1. The Planned Approach - This is when you start your Christmas shopping early. Eleven months early. You stay on a budget, and you shop clearance. Your basement is organized with labeled totes with individual-specific shopping lists taped under the lid.

2. The Panicked Approach - This is when you storm the department store on December 23rd with a Christmas list scribbled on a Burger King napkin, visibly upset when you can't find dalmation bedroom slippers in the correct size. I read recently about a 7-year-old New Jersey girl who actually called 911 in a panic when she did something that she thought would get her in trouble with Santa.

Does one of these extremes seem crazy to you, and the other more reasonable? Do you have a clear picture in mind of someone who Christmas shops this way? Be careful. Someone else is reading this article and thinking about you!

Similarly, there are also two approaches to life as a whole.

1. The Worrier's Approach - This is when you start with your life and your experience and project that on to God. When things are good, you feel like God's a good God and he's close and he loves me and he cares about me. When things are hard, you start to wonder and WORRY, "Is there really a God?" 

Here is the problem. If you start bottom-up with your feelings and experiences and sin and sadness and suffering, and you project them toward God-when you need him most you'll run FROM him not to him. You'll have questions about him, not worship for him. You're going to be in a difficult place. 

Maybe this is you today. You're certain that your future is uncertain. You wonder what's going to happen next? How is this going to work out? Life has gotten very complicated. 


2. The Worshipper's Approach - This is when you assume that God is who he says he is; that the Bible is true and that it reveals to us the character, the nature, and he attributes of God. When you believe in that and then you interpret all of your life in light of what God says and who God says he is. 

When this is the case, when you go to Scripture, you realize God is good. He made the world good, and it is humankind that has corrupted it through sin. The sin and the suffering and the sadness that is experienced, is not because of God, it's because of Satan and demons and sinners all working together in a war against God. 

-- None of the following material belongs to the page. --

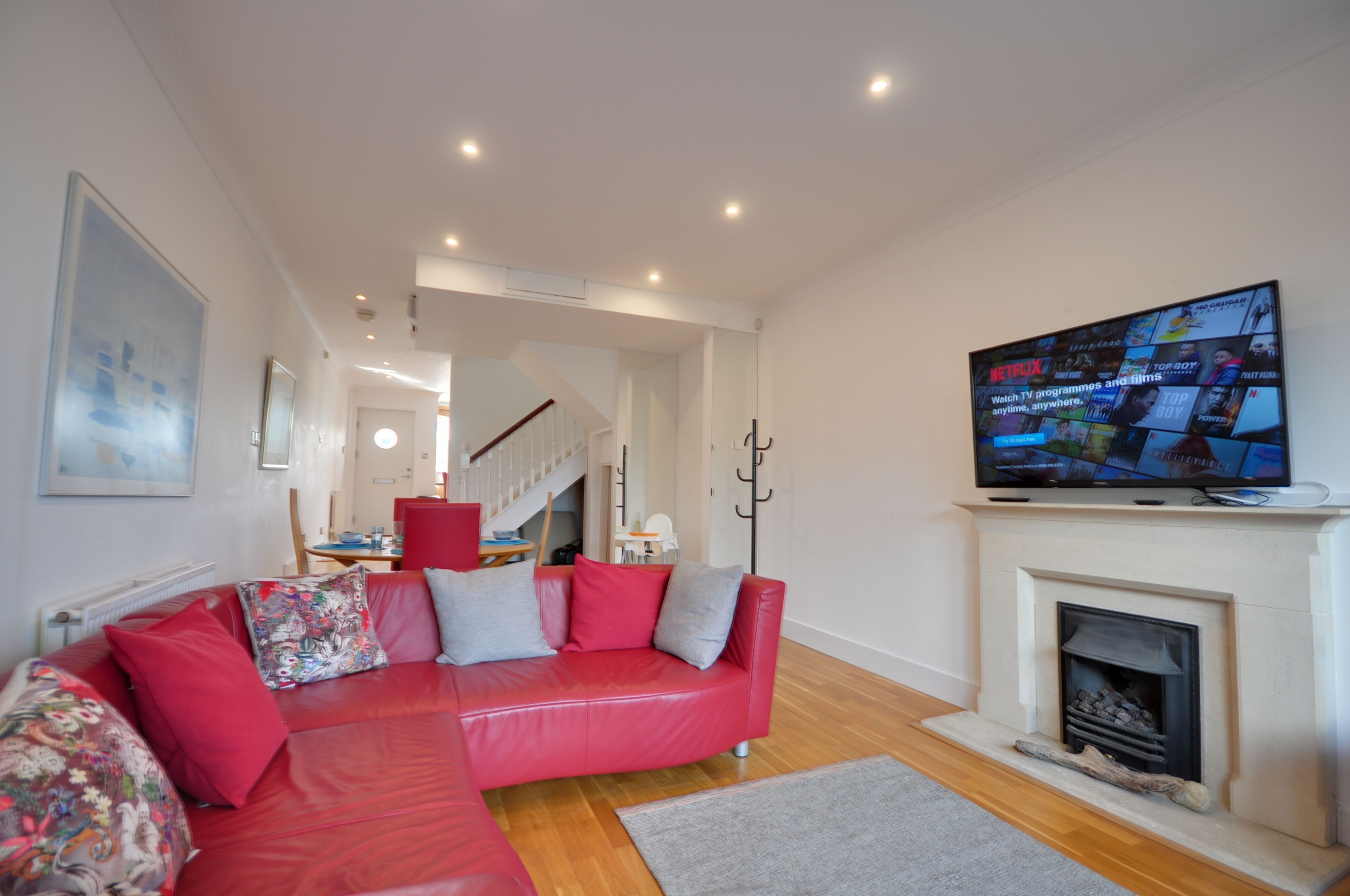 Una sala moderna con un sofá rojo, una chimenea y un televisor montado que muestra contenido de Netflix.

When you have a worshippers approach, God is good, altogether always and only good. And God has a plan that he is working out and unfolding through history to be a redeemer and a liberator and a deliverer and a Savior. So when you are suffering, or when you are anxious, or you are frustrated, you learn to trust in God, run TO God, not question God, run from God. 

There are two approaches for Christmas shopping, there are two approaches to life. But, bottom line is that the is only ONE way: JESUS. May we approach in humility this Christmas season.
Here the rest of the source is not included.